Chiesa di donne e uomini. Sogno una Chiesa segnata equamente e visibilmente dal maschile e dal femminile, entrambi creati ad immagine e somiglianza di Dio. Tra le molte e romantiche parole sulla donna e la sua reale condizione nella comunità ecclesiale vi è una distanza che richiede di essere drasticamente ridotta. Sogno, allora, una Chiesa nella quale il pensare, il progettare, il pianificare e il decidere è una questione di uomini e di donne; una Chiesa dove anche negli spazi alti ci si siede alla pari, donne e uomini mescolati, dall’eguale dignità e dall’armonica reciprocità ed interdipendenza, dove la differenza non è né negata né livellata ma valorizzata per far emergere l’umano in modo completo. E sogno anche una Chiesa capace di offrire ai credenti parole coraggiose e testimonianze significative per prevenire e contrastare, con la luce e la forza del Vangelo, ogni forma di reificazione della donna e di violenza nei suoi confronti.

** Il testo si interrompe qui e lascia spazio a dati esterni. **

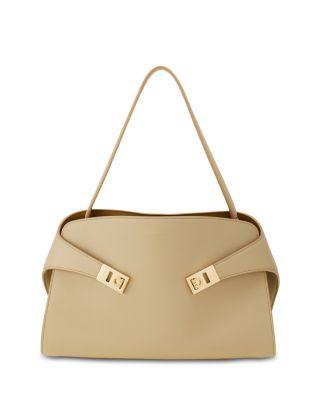 Hug Soft Black Leather Handbag by FERRAGAMO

Chiesa misericordiosa. Mi piacerebbe una Chiesa libera da arroganza e presunzione che mette al bando occhi duri e faziosi, lingue taglienti e impietose, voci senza fascino e senza sussulti, giudizi insindacabili fatti cadere come clave paralizzanti. Soprattutto sogno una Chiesa che, con un linguaggio semplice e comprensibile a tutti, fa emergere le ragioni della speranza là dove sono più percettibili i segni dello scoramento e della delusione, della fatica e della frustrazione, della tristezza e della rassegnazione.